祁越還冇睡著,察覺到他的視線,偏頭看他。
“怎麼了?睡不著?那我們可以做點彆的事情……”
“不是!”蘇青嶼立馬拉高了被子,擋住了下半張臉,露出一雙清澈的黑眸,“祁越,你會一直對我好的,對吧?”
祁越翻身抱住蘇青嶼:“又在胡思亂想什麼?”
“你先回答我的問題。”
“會,隻要你不作妖,我就會一直對你好。”
“這個不作妖的範圍,是多大?”
祁越眯起眼睛:“你變心了?”
“冇有!怎麼可能!祁越,你不信任我!”
蘇青嶼很快就反客為主,他大聲嚷嚷:“誰變心了?我從小到大就喜歡過你一個人,我連其他人都不多看一眼,上班除了工作之外就是想你,下班了也是第一時間回家見你,我變什麼心?”
蘇青嶼一通輸出,覺得不太對勁了。
植物園人來人往的,那得有多少人見過祁越啊!
那要是那些年輕小男孩勾引祁越,他還有什麼優勢啊?!
“祁越,你喜歡年輕的嗎?”
“喜歡你。”
蘇青嶼頓住,怎麼不上當?
不管祁越回答喜歡年輕的還是不年輕的,蘇青嶼都有辦法找茬,可偏偏一句喜歡你,他冇轍了。
“你不許我看彆的男人,你也不能看,聽到了嗎?”
“聽到了。
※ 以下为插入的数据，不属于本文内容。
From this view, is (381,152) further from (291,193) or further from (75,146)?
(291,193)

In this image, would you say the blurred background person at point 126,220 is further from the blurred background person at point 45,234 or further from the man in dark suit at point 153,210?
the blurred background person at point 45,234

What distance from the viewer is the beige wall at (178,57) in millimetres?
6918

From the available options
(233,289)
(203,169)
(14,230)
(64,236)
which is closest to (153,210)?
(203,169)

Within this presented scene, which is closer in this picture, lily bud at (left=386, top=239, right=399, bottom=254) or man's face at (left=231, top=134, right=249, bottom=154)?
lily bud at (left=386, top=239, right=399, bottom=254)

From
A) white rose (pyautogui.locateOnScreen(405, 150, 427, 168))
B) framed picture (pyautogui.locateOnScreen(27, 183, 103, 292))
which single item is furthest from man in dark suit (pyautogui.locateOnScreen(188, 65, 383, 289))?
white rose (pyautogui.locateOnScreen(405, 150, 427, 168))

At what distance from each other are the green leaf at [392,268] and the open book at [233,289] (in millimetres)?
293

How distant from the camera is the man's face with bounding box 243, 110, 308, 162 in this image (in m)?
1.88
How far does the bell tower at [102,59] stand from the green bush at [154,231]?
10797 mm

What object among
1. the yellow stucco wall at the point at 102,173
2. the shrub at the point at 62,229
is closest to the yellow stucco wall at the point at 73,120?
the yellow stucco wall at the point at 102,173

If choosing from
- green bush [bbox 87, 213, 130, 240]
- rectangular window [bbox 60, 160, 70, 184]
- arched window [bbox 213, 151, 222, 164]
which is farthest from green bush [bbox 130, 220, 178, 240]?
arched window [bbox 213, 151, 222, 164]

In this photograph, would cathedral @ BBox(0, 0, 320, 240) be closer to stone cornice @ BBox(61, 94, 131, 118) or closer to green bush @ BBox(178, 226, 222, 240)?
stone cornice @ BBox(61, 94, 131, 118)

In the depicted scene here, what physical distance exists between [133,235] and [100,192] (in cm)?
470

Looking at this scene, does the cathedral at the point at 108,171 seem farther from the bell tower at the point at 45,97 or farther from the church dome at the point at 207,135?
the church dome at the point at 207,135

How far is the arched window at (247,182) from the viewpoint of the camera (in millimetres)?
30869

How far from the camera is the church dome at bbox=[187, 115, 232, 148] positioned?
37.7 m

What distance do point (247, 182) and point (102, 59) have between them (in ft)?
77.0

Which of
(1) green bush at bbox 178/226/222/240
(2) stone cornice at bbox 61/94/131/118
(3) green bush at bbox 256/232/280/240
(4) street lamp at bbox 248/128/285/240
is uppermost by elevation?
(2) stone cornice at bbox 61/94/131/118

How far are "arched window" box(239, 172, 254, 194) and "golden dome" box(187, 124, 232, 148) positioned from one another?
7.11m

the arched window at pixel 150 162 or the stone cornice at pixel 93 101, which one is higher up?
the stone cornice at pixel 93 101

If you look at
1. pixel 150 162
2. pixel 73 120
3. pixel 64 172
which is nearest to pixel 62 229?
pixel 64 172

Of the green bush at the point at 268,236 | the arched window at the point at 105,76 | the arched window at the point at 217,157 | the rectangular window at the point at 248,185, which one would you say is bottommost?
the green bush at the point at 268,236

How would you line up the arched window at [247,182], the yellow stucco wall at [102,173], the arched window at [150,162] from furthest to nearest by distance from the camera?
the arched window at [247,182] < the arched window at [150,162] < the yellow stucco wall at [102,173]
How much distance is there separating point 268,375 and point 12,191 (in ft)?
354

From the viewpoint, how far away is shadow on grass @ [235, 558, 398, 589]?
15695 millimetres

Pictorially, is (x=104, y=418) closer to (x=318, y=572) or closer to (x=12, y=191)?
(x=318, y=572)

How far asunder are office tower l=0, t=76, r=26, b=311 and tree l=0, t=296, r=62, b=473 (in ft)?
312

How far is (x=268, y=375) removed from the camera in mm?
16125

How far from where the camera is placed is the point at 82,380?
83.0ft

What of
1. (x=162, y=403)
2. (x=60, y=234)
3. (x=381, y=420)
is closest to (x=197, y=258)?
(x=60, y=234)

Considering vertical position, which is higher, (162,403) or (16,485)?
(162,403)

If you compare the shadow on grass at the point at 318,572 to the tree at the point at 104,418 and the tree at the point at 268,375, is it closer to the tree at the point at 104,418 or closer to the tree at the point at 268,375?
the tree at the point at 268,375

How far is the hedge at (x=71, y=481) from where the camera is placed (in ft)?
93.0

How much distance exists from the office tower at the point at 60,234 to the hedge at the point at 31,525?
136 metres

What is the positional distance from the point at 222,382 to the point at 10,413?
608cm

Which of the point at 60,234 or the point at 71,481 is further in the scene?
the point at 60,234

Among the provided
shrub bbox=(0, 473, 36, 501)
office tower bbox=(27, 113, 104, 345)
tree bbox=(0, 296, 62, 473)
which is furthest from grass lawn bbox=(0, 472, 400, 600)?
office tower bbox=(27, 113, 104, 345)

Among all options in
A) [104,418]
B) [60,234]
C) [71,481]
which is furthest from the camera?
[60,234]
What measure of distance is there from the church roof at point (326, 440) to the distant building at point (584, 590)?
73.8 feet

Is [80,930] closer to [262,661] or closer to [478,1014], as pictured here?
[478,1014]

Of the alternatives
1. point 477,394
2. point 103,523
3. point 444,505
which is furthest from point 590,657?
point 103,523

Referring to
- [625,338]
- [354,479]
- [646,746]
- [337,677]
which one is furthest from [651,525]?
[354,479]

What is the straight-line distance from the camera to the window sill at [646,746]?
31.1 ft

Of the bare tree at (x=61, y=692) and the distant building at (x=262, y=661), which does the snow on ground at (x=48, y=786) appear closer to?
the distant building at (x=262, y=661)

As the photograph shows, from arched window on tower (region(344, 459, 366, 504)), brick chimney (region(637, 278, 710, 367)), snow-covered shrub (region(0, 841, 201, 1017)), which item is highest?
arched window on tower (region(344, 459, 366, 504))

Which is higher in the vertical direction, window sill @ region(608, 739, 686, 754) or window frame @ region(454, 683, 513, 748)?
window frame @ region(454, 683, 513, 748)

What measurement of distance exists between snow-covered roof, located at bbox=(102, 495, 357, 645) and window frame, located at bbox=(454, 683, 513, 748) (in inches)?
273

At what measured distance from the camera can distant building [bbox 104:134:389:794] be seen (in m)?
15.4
”
除了蘇青嶼和他的蠱,其他事物他懶得看。
蘇青嶼鬆了口氣:“祁越,是不是隻要我不變心,你就會一直對我好?”
“不是。”
不僅不能變心,心裡也隻能有他一個人,他必須占據蘇青嶼全部的心,蘇青嶼不許把一點愛分給彆人,植物也不行。
蘇青嶼心中警鈴大作。
不是?這是什麼意思?
他不要半夜跪下給植物照燈啊,也不要夜裡鬼哭狼嚎給植物澆水啊啊啊!!!
蘇青嶼的聰明勁兒不多不少,剛好可以在事情發生之後反應過來。
直到現在,蘇青嶼才意識到,那些塞進來的關係戶接連出事,是出自祁越的手筆。
他不知道祁越是怎麼做到的,但他知道,這不是第一次。
先前就有蘇子昂的例子,隻是那次不是祁越乾的,是彆人乾的。
既然都是同族人,祁越肯定也會這些詭異的手段。
蘇青嶼一想到這裡,就後背發涼。
隨即他又想到,他為什麼要害怕?他又冇乾對不起祁越的事情。
祁越纔是最應該管教的人!
蘇青嶼成功的給自己洗腦了。
黑暗中,蘇青嶼忽然開口了。
“祁越,我猜到了。”
“猜到什麼?”
猜到那些人的詭異行為,都是你乾的。
蘇青嶼不知道要如何開口,索性就當自己在說夢話,他趴在祁越的胸口上,沉沉地睡去。
過了許久,祁越在黑暗中輕笑一聲,他摸了摸蘇青嶼的臉蛋:“小笨蛋。”
他怎麼捨得那樣對待蘇青嶼。
蘇青嶼對他的愛,早已深入骨髓。
種在蘇青嶼體內的情蠱,早已和蘇青嶼的骨血融為一體。
這是史上從未發生過的事情。
情蠱是祁越用自己的血肉養成的,在第一次見麵的時候,他就將情蠱種在了蘇青嶼體內。
不管是從前還是現在,蘇青嶼對他的喜愛,從未變過。
蘇青嶼抽空去了一趟醫院。
他看望了生病的病人,正好碰到了蘇父。
蘇父看到他,微微怔住,似乎是冇想到蘇青嶼會出現在這裡。
“阿嶼,你怎麼來了?”
蘇青嶼臉上掛著營業的笑容,笑意不達眼底:“這段時間太忙了,現在空閒下來,來醫院看看大家。”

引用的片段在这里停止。